EXERCISE DESCRIPTION: Check each line of the entries for "Light" and report the ones that have it.

SUPPLIED MATERIAL:
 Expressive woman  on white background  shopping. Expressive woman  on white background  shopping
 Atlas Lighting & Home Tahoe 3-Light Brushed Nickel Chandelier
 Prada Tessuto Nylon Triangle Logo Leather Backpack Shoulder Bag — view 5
---
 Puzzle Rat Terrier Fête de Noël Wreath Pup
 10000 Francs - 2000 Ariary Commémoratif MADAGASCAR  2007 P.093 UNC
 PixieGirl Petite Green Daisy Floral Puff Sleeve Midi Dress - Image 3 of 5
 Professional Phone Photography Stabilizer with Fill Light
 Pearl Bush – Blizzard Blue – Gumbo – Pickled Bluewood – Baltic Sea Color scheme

RESPONSE:
 Atlas Lighting & Home Tahoe 3-Light Brushed Nickel Chandelier
 Professional Phone Photography Stabilizer with Fill Light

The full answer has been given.